Aus den Besonderheiten der lateinischen Sprache ergeben sich die Besonderheiten des Lateinunterrichts. Im Gegensatz zu den modernen Fremdsprachen findet der Lateinunterricht auf Deutsch statt. Wir übersetzen immer vom Lateinischen ins Deutsche. Dadurch trainieren die Schülerinnen und Schüler ständig auch ihre Muttersprache und manch ein Phänomen der deutschen Sprache tritt plötzlich umso klarer hervor.

Ein Beispiel: Nach der Behandlung der Steigerungsformen kommt die Frage auf, ob man überhaupt etwas „optimieren“ im Sinne von „verbessern“ kann, wenn doch das lateinische Wort optimum schon „das Beste“ ist.

Die Schülerinnen und Schüler werden nach und nach mit dem Wortschatz und den grammatischen Strukturen vertraut gemacht. Sie lernen Formen und Vokabeln sowie Satzstrukturen in Übungen, die oft aus spielerischen Tüftel-, Rätsel- oder Suchaufgaben bestehen. Methodisch lernen die Schüler früh das gemeinsame problemorientierte Arbeiten an der komplexen Aufgabe ‚Übersetzung‘, die selbstständige und gegenseitige Kontrolle und das Lernen durch Lehren.

In der sogenannten Lehrbuchphase, die von Klasse 7 bis etwa zum ersten Halbjahr der Klasse 10 dauert, werden z.B. Texte zu den Themen „Schule“, „Familienleben“, „Stadtleben in Rom“, „Mythologie“, „Geschichte“ und „Philosophie“ übersetzt. Über die Inhalte wird das Tor zur römischen Kultur und Geschichte eröffnet und Fragen wie „Was durfte ein Sklave?“, „Was ist eine Herkules-Aufgabe?“ oder „Wie organisierten die Menschen das Stadtleben?“ beantwortet. Bereits hier geht es um nichts Geringeres als die geistigen und kulturellen Fundamente Europas.

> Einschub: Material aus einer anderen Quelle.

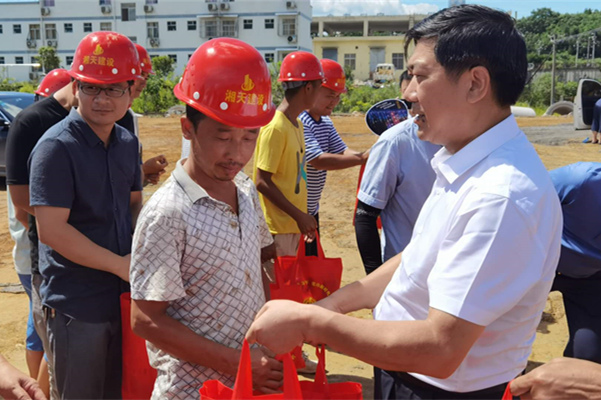 馮德校：夏日送清涼 慰問一線勞動者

In der Lektürephase lesen wir originale Texte. Auch hier gibt es eine große Auswahl an
möglichen Texten: neben dem bekannten De bello Gallico Caesars reicht die Palette von Ciceros Reden über Ovids Verwandlungssagen oder Liebeskunst, die Briefe des Plinius, Senecas philosophische Schriften bis hin zu Texten aus der Zeit des Humanismus. Durch das Lesen dieser antiken Texte erhalten die Schülerinnen und Schüler einerseits einen Zugang zu den Grundlagen der europäischen Kultur, des Rechtswesens oder der Rhetorik. Andererseits erkennen sie immer wieder Zusammenhänge mit der Gegenwart – so ergibt sich vernetztes Denken sowie eine Orientierung in unserer globalisierten Welt.
Die Nähe zum Römermuseum in Haltern, aber auch das Römisch-Germanische Museum in Köln oder das „Museum und Park Kalkriese“ erlauben uns auf Exkursionen spannende Einblicke in das antike Leben.

Die lateinische Sprache ist von einer sehr klaren Satzstruktur sowie mehrdeutigen Formen und Wörtern geprägt. An den Endungen der Wörter werden Merkmale wie z.B. die Zeitform, der Fall oder die Zahl erkennbar. Das bedeutet, dass beim Übersetzen einerseits durch genaues Kombinieren ein Entschlüsseln der grammatischen Zeichen und Strukturen notwendig ist. Andererseits kommt es darauf an, inhaltliche Mehrdeutigkeiten gegeneinander abzuwägen und die beste Bedeutung herauszufinden. Ein Beispiel soll dies veranschaulichen:

Der Satz Quintus amicum adit zeigt dem Leser zunächst: Quintus ist das handelnde Subjekt, erkennbar an der Endung –us; amicum antwortet auf die Frage wen oder was? (Endung –um), adit zeigt an, dass er, sie oder es handelt. Da adit mehrere Bedeutungen hat (adire: herangehen, besuchen, sich wenden an, angreifen), kann der Satz vieles bedeuten: Quintus wendet sich an den Freund. Quintus besucht den Freund. Quintus greift den Freund an. Welche Lösung ist nun die richtige? Das muss aus dem Textzusammenhang heraus begründet werden.

Es gibt also keine schnellen Lösungen beim Übersetzen. Vielmehr sind eine gründliche Sprachbetrachtung, problemlösendes Denken, Kreativität und Unterscheidungsvermögen gefragt.